Success! Check your email

Error! submit again

Calling C functions from BigQuery with Web Assembly

BigQuery + C = ❤️

Have you ever used BigQuery? If you have never used it you’re missing out on one of my favorite products of Google Cloud Platform. It has the power to query terabytes of data in seconds while exposing a familiar SQL API.

At source{d} we have terabytes of data, so wouldn’t it be cool if we could simply store our datasets on BigQuery and let anyone easily analyze those? Well, that’s a great idea, but it turns out that our datasets become extra useful when you start analyzing Universal Abstract Syntax Trees (UASTs) rather than lines of code.

No problem, you say. Let’s store those UASTs and use our querying library libuast to extract the relevant pieces of those trees. But how could you even do that? libuast is written in C, and rewriting to … SQL? That’s out of the question!

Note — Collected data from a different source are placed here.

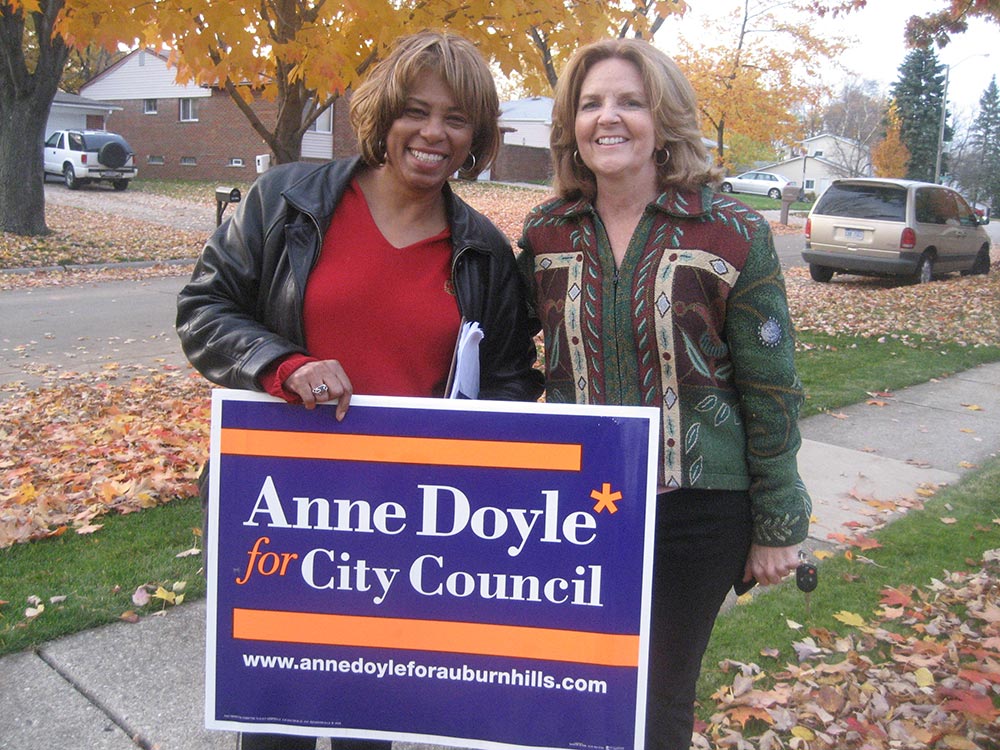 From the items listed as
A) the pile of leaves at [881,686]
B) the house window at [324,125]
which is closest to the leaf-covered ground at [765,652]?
the pile of leaves at [881,686]

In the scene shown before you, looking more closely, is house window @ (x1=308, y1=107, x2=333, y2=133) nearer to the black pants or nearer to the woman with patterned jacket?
the woman with patterned jacket

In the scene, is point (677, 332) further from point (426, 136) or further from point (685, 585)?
point (426, 136)

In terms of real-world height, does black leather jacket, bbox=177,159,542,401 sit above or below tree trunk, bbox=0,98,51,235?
below

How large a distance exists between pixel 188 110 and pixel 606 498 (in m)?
39.6

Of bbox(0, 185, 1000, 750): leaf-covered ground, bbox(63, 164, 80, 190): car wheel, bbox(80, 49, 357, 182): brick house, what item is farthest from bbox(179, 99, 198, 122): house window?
bbox(0, 185, 1000, 750): leaf-covered ground

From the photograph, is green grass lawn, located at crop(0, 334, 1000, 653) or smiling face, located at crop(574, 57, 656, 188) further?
green grass lawn, located at crop(0, 334, 1000, 653)

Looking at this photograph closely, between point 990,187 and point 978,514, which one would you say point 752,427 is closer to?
point 978,514

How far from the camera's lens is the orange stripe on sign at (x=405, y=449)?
74.9 inches

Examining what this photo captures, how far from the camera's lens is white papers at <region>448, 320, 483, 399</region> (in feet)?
6.73

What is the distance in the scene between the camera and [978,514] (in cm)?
510

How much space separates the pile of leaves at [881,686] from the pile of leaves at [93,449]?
309cm

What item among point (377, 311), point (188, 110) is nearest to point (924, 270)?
point (377, 311)

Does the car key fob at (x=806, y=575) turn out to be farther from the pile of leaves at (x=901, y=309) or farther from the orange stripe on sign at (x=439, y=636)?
the pile of leaves at (x=901, y=309)

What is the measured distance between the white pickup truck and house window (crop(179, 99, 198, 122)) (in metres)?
6.99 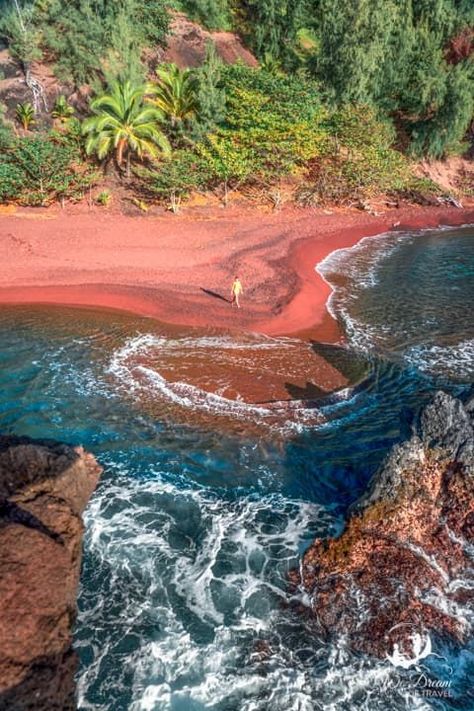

BigQuery User Defined Functions

BigQuery supports SQL, and as such, it supports User Defined Functions (UDFs). UDFs allow you to define new functions in languages other than SQL, one of them is Javascript. From the BigQuery console you can click on the UDF button and you will see the following screen:

UDF editor

As you can see, you can write some Javascript in here and use it from your SQL statement. Let’s try to write a simple function that adds two numbers is Javascript. That’s what Javascript was created for, right?

This is using Legacy SQL, we’ll see later why Standard SQL would make it much harder for us.

function identity(row, emit) {
    emit({ y: row.x });
}

bigquery.defineFunction(
    'identity',
    ['x'],
    [{ 'name': 'y', 'type': 'float' }],
    identity
);
download code
SELECT y FROM identity(
  SELECT 21 as x
);
download code

This is cool, but can we do it over multiple values?

function intdiv(row, emit) {
    emit({ d: row.x / row.y, m: row.x % row.y });
}

bigquery.defineFunction(
    'intdiv',
    ['x', 'y'],
    [{ 'name': 'd', 'type': 'integer' },
    { 'name': 'm', 'type': 'integer' }],
    intdiv
);
download code
SELECT d, m FROM intdiv(
  SELECT 21 as x, 4 as y
);
download code

Great, so we can basically write any Javascript and have it executed as part of our SQL queries. Unfortunately for us, the library that I would like to call (libuast) is actually written in C!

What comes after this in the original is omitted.